Description of the task – Retype the data exactly, skipping any picture in it.

Collected data –
-- Opening Marker --

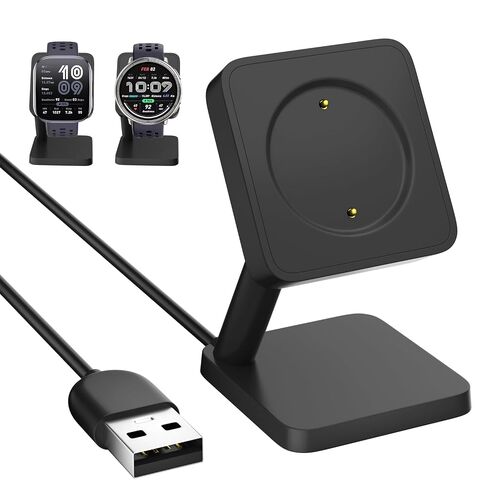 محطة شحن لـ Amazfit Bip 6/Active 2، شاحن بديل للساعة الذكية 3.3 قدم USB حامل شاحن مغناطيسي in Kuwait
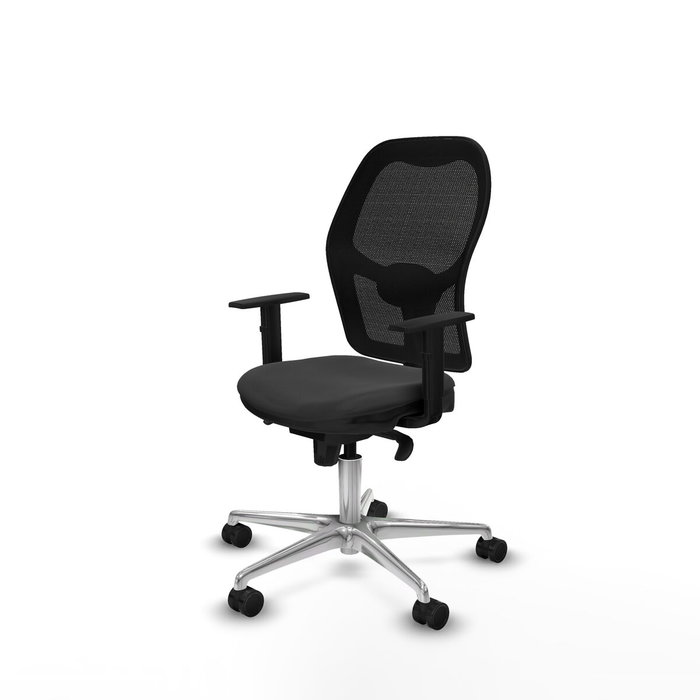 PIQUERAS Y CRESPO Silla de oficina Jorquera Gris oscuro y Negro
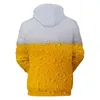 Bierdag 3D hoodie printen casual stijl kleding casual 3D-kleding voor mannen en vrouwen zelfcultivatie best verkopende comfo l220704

-- Closing Marker --

Result of the exercise –
 محطة شحن لـ Amazfit Bip 6/Active 2، شاحن بديل للساعة الذكية 3.3 قدم USB حامل شاحن مغناطيسي in Kuwait
 PIQUERAS Y CRESPO Silla de oficina Jorquera Gris oscuro y Negro
 Bierdag 3D hoodie printen casual stijl kleding casual 3D-kleding voor mannen en vrouwen zelfcultivatie best verkopende comfo l220704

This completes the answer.